§ **EXERCISE OBJECTIVE**
Using the entries below, copy exactly each line from the line with "6. Fluorescent yellow/unpainted" up to and including the line with "Stock photo of", with every picture left out.

§ **SUPPLIED ENTRIES**
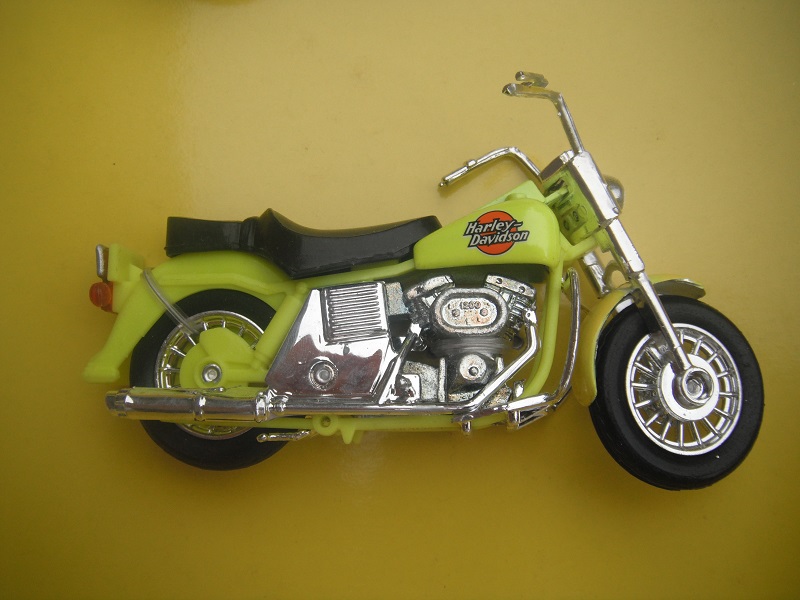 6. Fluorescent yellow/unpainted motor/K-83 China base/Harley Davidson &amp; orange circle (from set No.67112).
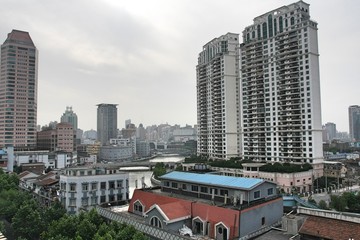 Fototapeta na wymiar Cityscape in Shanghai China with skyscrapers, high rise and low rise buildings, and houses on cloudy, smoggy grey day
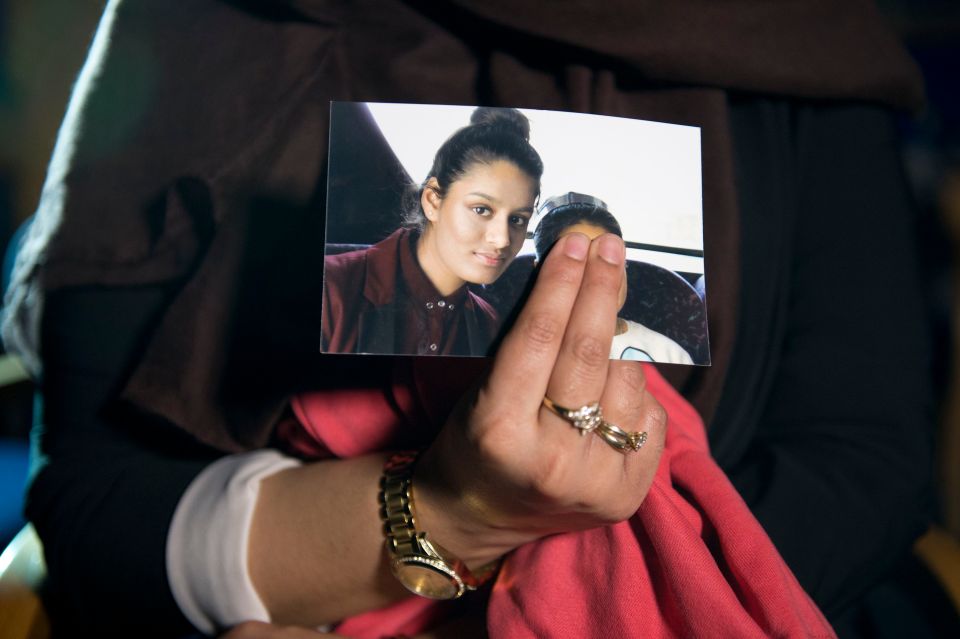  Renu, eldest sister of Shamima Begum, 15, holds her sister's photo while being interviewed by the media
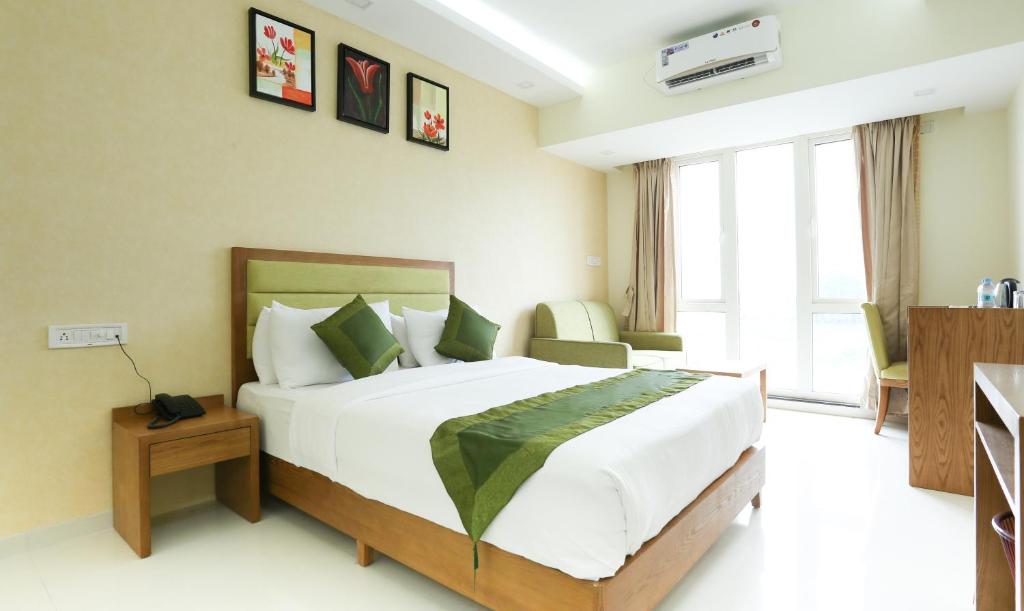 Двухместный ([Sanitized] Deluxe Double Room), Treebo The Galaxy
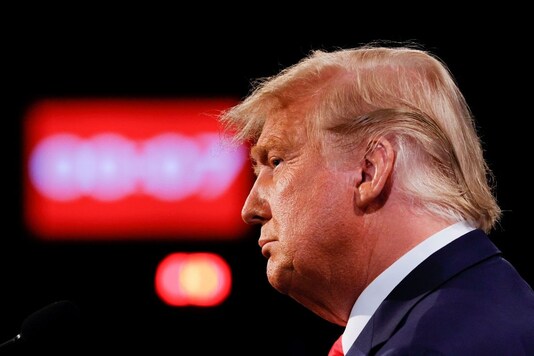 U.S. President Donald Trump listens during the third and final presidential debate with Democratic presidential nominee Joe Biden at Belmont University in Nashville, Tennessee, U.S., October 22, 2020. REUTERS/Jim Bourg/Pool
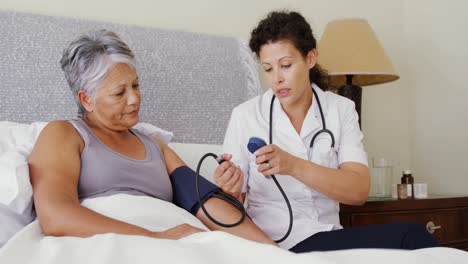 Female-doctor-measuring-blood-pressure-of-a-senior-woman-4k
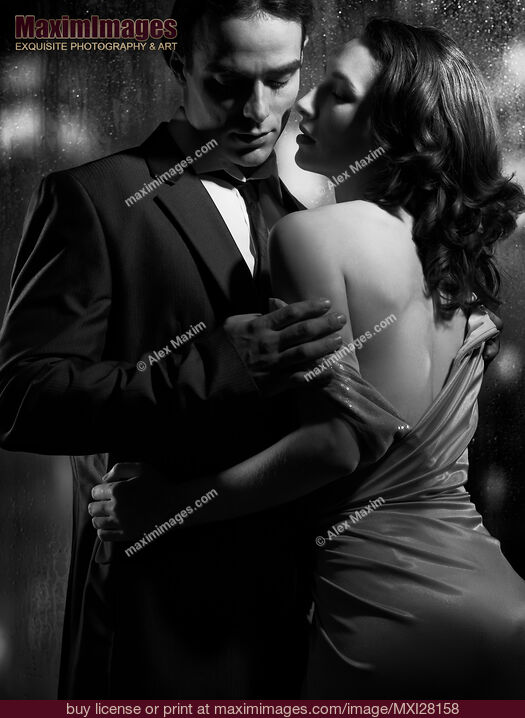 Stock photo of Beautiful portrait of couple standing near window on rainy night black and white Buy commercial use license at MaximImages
...
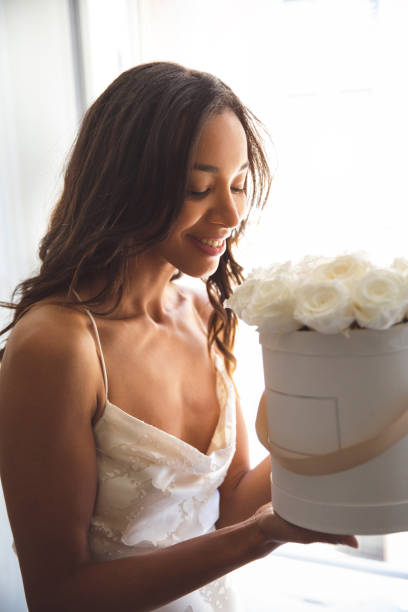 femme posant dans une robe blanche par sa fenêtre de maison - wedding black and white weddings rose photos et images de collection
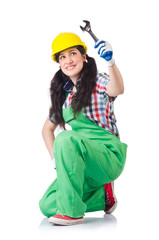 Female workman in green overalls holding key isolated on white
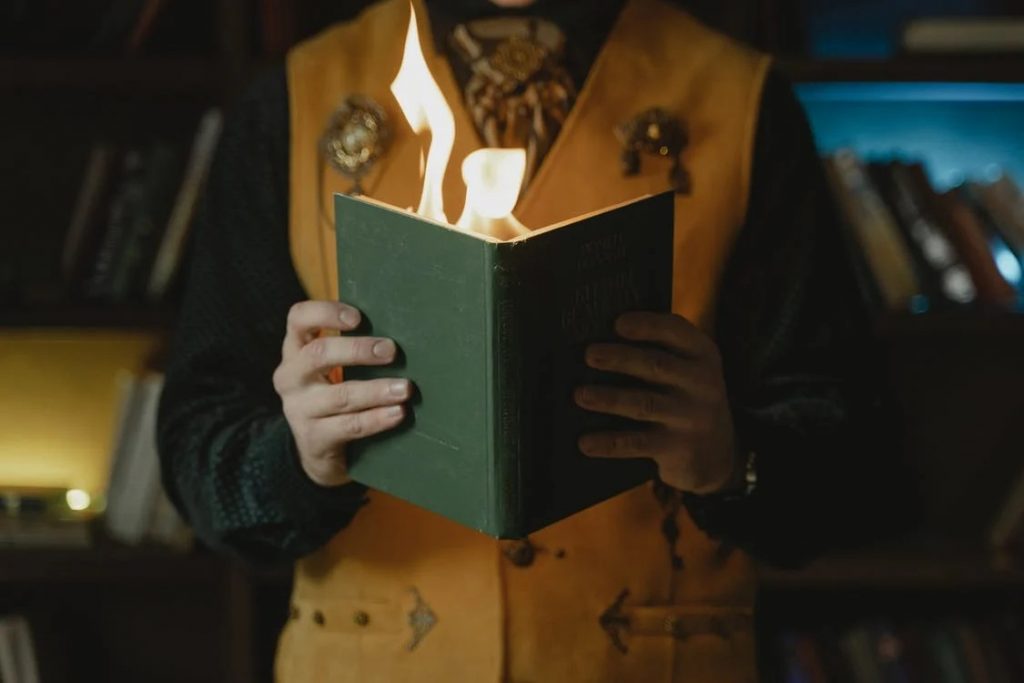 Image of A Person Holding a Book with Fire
--
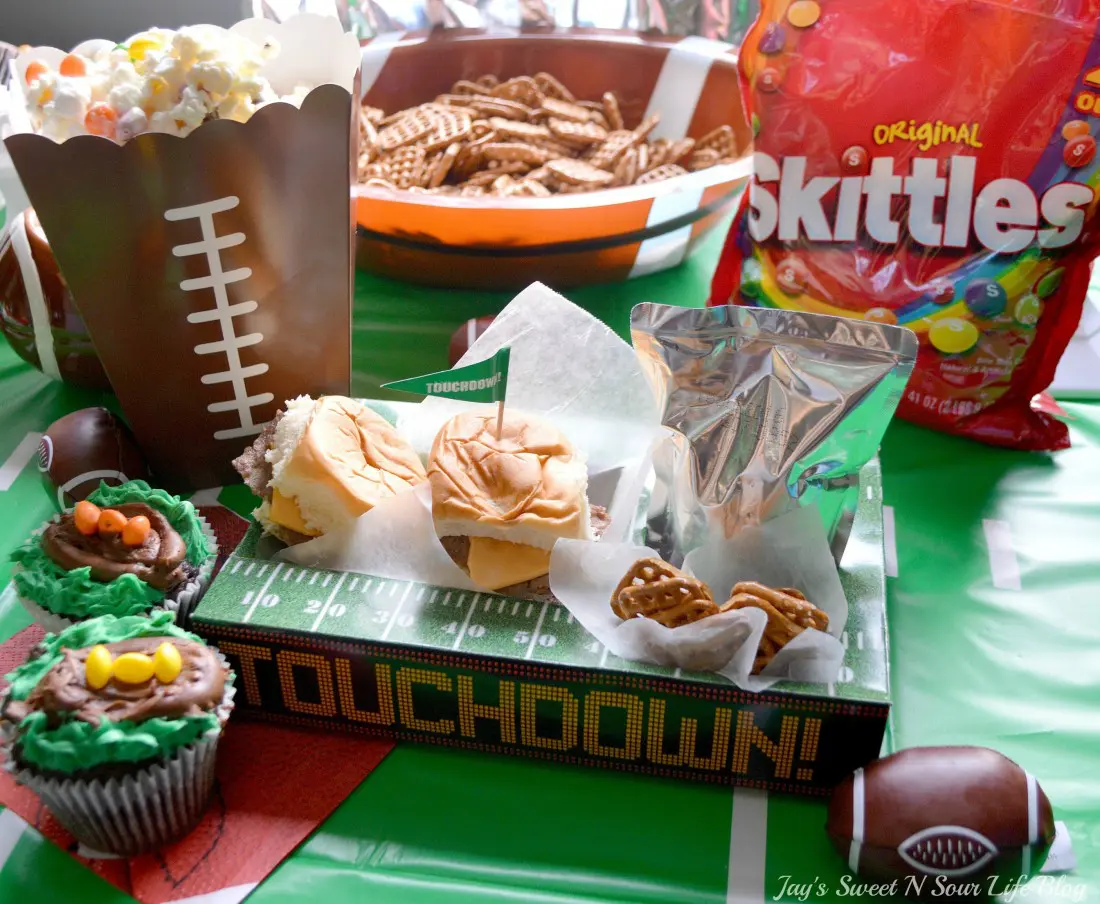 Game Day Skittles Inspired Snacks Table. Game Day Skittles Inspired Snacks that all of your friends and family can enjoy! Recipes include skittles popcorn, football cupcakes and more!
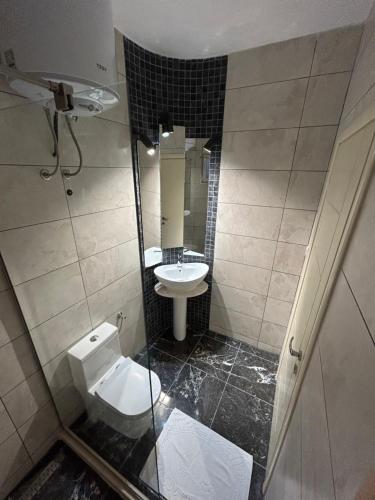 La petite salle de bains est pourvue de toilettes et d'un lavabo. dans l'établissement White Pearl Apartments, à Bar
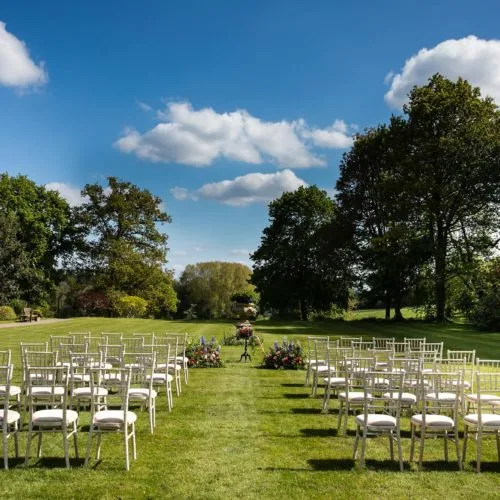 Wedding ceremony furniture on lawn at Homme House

§ **RESULT OF THIS EXERCISE**
 6. Fluorescent yellow/unpainted motor/K-83 China base/Harley Davidson &amp; orange circle (from set No.67112).
 Fototapeta na wymiar Cityscape in Shanghai China with skyscrapers, high rise and low rise buildings, and houses on cloudy, smoggy grey day
  Renu, eldest sister of Shamima Begum, 15, holds her sister's photo while being interviewed by the media
 Двухместный ([Sanitized] Deluxe Double Room), Treebo The Galaxy
 U.S. President Donald Trump listens during the third and final presidential debate with Democratic presidential nominee Joe Biden at Belmont University in Nashville, Tennessee, U.S., October 22, 2020. REUTERS/Jim Bourg/Pool
 Female-doctor-measuring-blood-pressure-of-a-senior-woman-4k
 Stock photo of Beautiful portrait of couple standing near window on rainy night black and white Buy commercial use license at MaximImages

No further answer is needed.